People are not buying new PCs if they can avoid it, which explains why Windows “11” uptake barely registers, and I’m sure they had to sneak it in using Dark Patterns or middle-of-the-nigh “What the hell happened to my computer while I was sleeping!?!?!?” like they did to get Windows 10 out.

If you look in the release notes of each Windows “major update” you start to see things like the removal of stuff that hasn’t even done anything in 20 years, or you weren’t supposed to use it and the only user was malware.

Only in 2019 did Microsoft purge the last remnants of Outlook Express, which hadn’t even done anything as a functional program since Windows XP. Only in 2021 did they remove syskey.exe, which is from Windows NT 4, iirc, because tech support scammers were using it to lock you computer and demand money.

But they’re sort of poking around the corners, leaving the worst of it behind, and adding pointless new iterations instead.

They have 5 terminals, 3 Web browsers, and two GUI shells, and part of a third shell.

One of the three browsers is a relic from the 1990s that got foisted on people for a long time even though they hated it, and is still there, they just lied about “removing” it, but it’s not really removed.

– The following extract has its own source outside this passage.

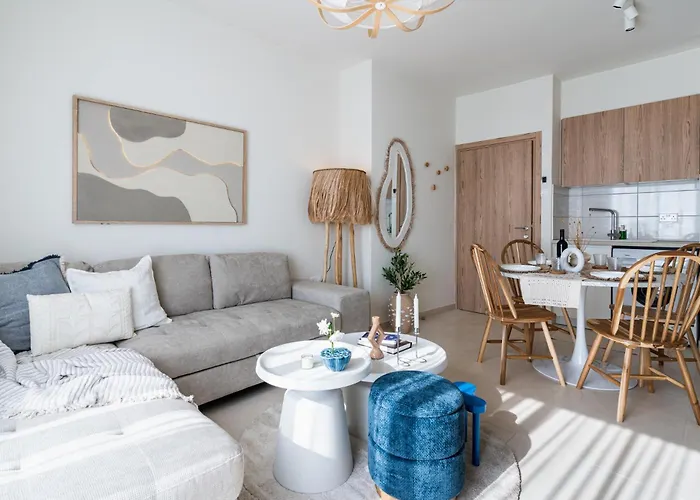 Compass 1-Br Apartment By Makenzy Beach * Larnaca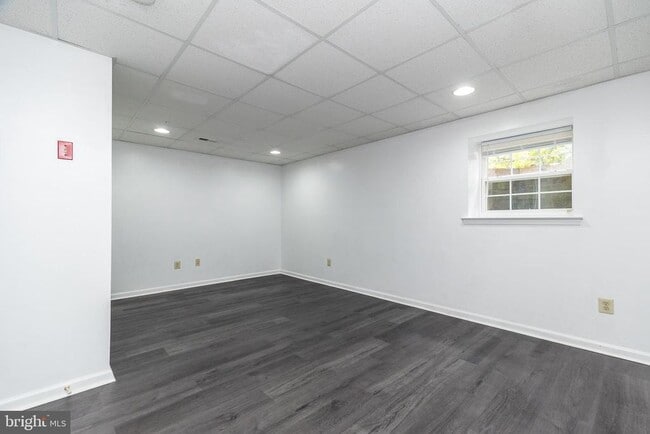 Building Photo - 483 Fort Hill Cir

The EdgeHTML engine is still there, you’re just not allowed to use it now. But it’s there.

Then they brought in a completely new disaster packed with spyware also called Edge. They based this one on Chrome. Edge is a password steal, adware, and the least private Web browser.

The Classic Control Panel is still there. The one from Windows 7. Using it, you can actually get Internet Explorer to launch as a Web browser, on Windows “11”. So none of that has actually been removed either.

So this Windows 11 crap is piling up sky high and it leaves a lot of attack surface.

Windows 10 was already incredibly bloated, but Windows 11 keeps piling it on. Including an entirely new GUI shell, except…..the old one is there too so things that expect it don’t break. You just can’t see it. Well, except that time there was a bug and you could, and the start menu didn’t work. But Microsoft hid it again in a different update.

In Free Software, we don’t tend to get messes like this, because nobody would put up with it.

When I upgraded to GNOME 43, it runs the GNOME 43 Shell and GNOME 43 applications.

GNOME didn’t just leave GNOME 3’s shell running and hidden, alongside GNOME Panel from GNOME 2.x, and a control center that Novell wrote and last touched in 2011, and the previous version of the Epiphany browser, only it doesn’t start, and it has GTKMozEmbed sitting there based on Firefox 2.

I mean, this is the kind of crap you get in a sad proprietary OS from a failed company like Microsoft. You get this and Telemetry, and then they want to tell you they’re working with some fool called Matthew Garrett to “secure your boots”. Uh huh.

Microsoft still thinks it’s competing with Apple. Apple isn’t selling $249 laptops at Walmart that can barely run the Mac OS.